I picked on cran.biotools.fr as I saw they were well-behind CRAN-proper on the monitoring page.

I noted that BE was doing pre- and post-javascript hashing as well. Why, you may ask? Well, websites behave differently with javascript running, plus they can behave differently when different user-agents are set. Let’s grab a page from Wikipedia a few different ways to show how they are not alike at all, depending on the retrieval context. First, let’s grab some web content!

library(httr)
library(ssdeepr)
library(splashr)

# regular grab
h1 <- hash_con(url("https://en.wikipedia.org/wiki/Donald_Knuth"))
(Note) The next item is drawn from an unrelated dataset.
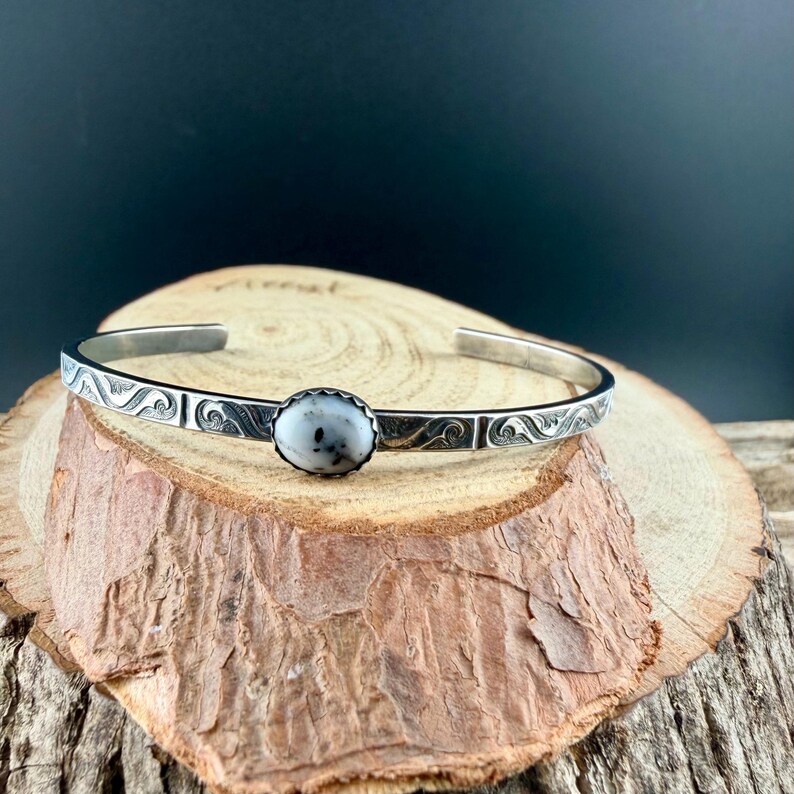 May include: A silver cuff bracelet featuring a central oval stone with white and grey speckles. The bracelet has a decorative wave pattern along the edges. The bracelet is displayed on a wooden surface.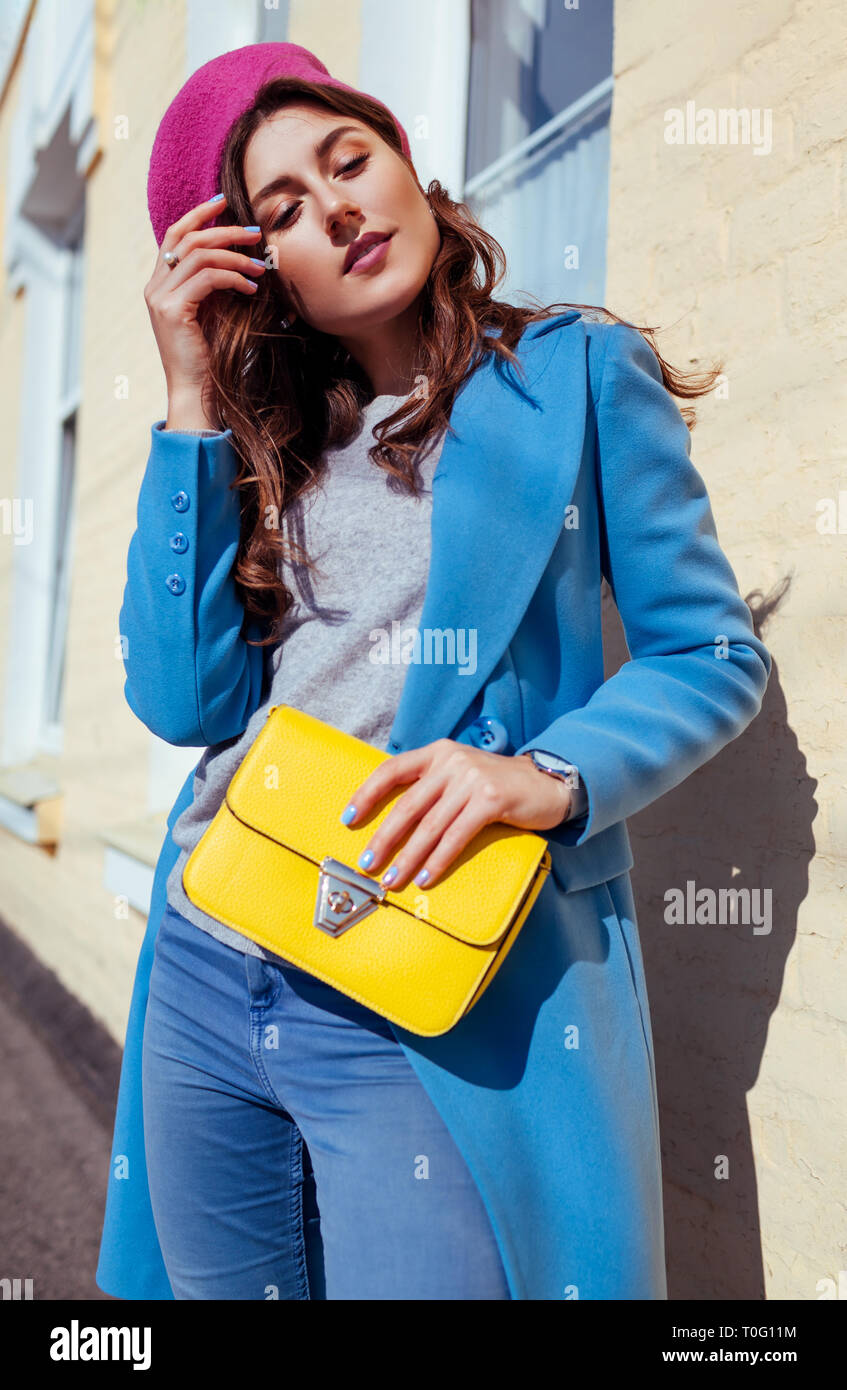 Jeune femme tenant un sac à main jaune et portant manteau bleu à la mode.  Femme printemps Vêtements et accessoires. Fashion Photo Stock - Alamy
# you need Splash running for javascript-enabled scraping this way
sp <- splash(host = "mysplashhost", user = "splashuser", pass = "splashpass")

# js-enabled with one ua
sp %>%
splash_user_agent(ua_macos_chrome) %>%
splash_go("https://en.wikipedia.org/wiki/Donald_Knuth") %>%
splash_wait(2) %>%
splash_html(raw_html = TRUE) -> js1

# js-enabled with another ua
sp %>%
splash_user_agent(ua_ios_safari) %>%
splash_go("https://en.wikipedia.org/wiki/Donald_Knuth") %>%
splash_wait(2) %>%
splash_html(raw_html = TRUE) -> js2

h2 <- hash_raw(js1)
h3 <- hash_raw(js2)

# same way {rvest} does it
res <- httr::GET("https://en.wikipedia.org/wiki/Donald_Knuth")

h4 <- hash_raw(content(res, as = "raw"))


Now, let’s compare them:

hash_compare(h1, h4) # {ssdeepr} built-in vs httr::GET() => not surprising that they're equal
## [1] 100

# things look way different with js-enabled

hash_compare(h1, h2)
## [1] 0
hash_compare(h1, h3)
## [1] 0

# and with variations between user-agents

hash_compare(h2, h3)
## [1] 0

hash_compare(h2, h4)
## [1] 0

# only doing this for completeness

hash_compare(h3, h4)
## [1] 0


For this example, just content size would have been enough to tell the difference (mostly, note how the hashes are equal despite more characters coming back with the {httr} method):

length(js1)
## [1] 432914

length(js2)
## [1] 270538

nchar(
paste0(
collapse = "\n"
)
)
## [1] 373078

length(content(res, as = "raw"))
## [1] 374099


### FIN

If you were in a U.S. state with a primary yesterday and were eligible to vote (and had something to vote for, either a (D) candidate or a state/local bit of business) I sure hope you did!

The ssdeep library works on Windows, so I’ll be figuring out how to get that going in {ssdeepr} fairly soon (mostly to try out the Rtools 4.0 toolchain vs deliberately wanting to support legacy platforms).

As usual, drop issues/PRs/feature requests where you’re comfortable for any of these or other packages.